Nikmati Akhir Pekan dengan Bahagia, Sebab Rupiah Terbaik Asia

Hidayat Setiaji, CNBC Indonesia
30 November 2018 17:17
Nikmati Akhir Pekan dengan Bahagia, Sebab Rupiah Terbaik Asia
Ilustrasi Money Changer (CNBC Indonesia/Andrean Kristianto)
Jakarta, CNBC Indonesia - Nilai tukar rupiah terhadap dolar Amerika Serikat (AS) ditutup menguat di perdagangan pasar spot akhir pekan ini. Rupiah berhasil mencatat penguatan selama 2 hari perdagangan beruntun. 

Pada Jumat (30/11/2018), US$ 1 ditutup Rp 14.300 di perdagangan pasar spot. Rupiah menguat 0,56% dibandingkan posisi penutupan perdagangan hari sebelumnya.  

Sepanjang hari ini rupiah terus menguat, tidak pernah merasakan dinginnya zona merah. Namun memang ada momentum di mana penguatan rupiah tergerus sampai ke kisaran 0,2%. 


Akan tetapi perlambatan rupiah tidak berlangsung lama. Selepas itu rupiah terus menguat hingga mencapai kisaran 0,8%. 


Seusai tengah hari, rupiah mulai stabil dan tidak banyak mengalami dinamika.
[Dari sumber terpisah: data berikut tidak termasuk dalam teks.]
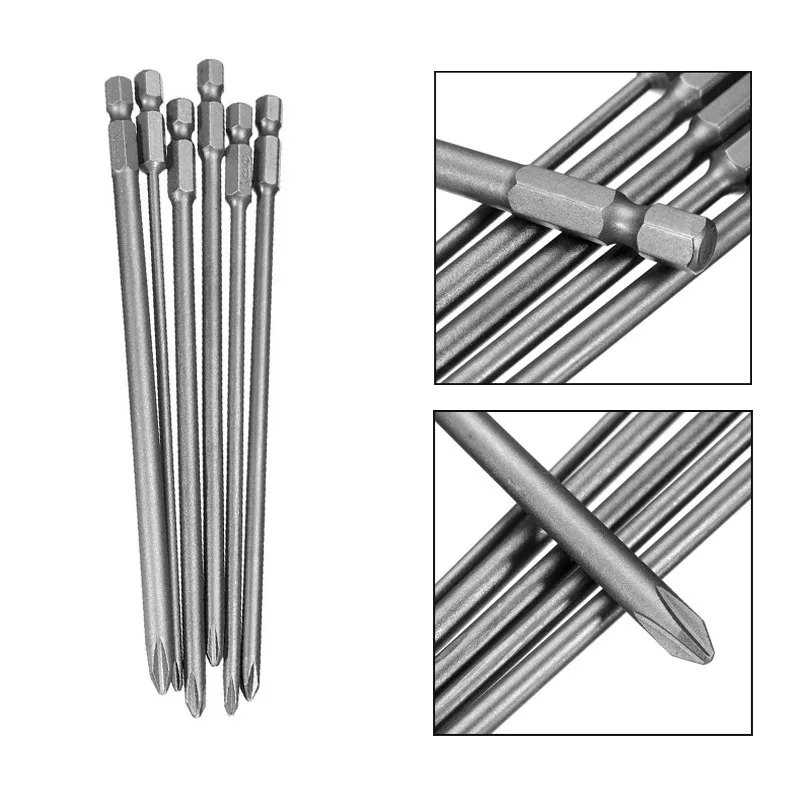 Drillpro 6 шт хвостовик 1/4 дюймов S2 легированная сталь 150 мм Длинный магнитный шестигранный для крестовых головок Набор отверток PH1 PH2 головка отвертки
Akhirnya rupiah finis di Rp 14.300, terkuat sejak 27 Juni. 

Kemarin, rupiah menguat signifikan yaitu mencapai 1%. Dalam 2 hari terakhir, nilai dolar AS terpangkas dari Rp 14.525 menjadi Rp 14.300 atau Rp 225. Impresif. 

Dalam sebulan terakhir, rupiah menguat 6,06% di hadapan dolar AS. Namun sejak awal tahun, mata uang Tanah Air masih terdepresiasi 5,42%. 

 

Sore ini, mata uang Asia justru cenderung melemah di hadapan dolar AS. Selain rupiah, mata uang Asia yang selamat adalah dolar Hong Kong, yen Jepang, dan baht Thailand. 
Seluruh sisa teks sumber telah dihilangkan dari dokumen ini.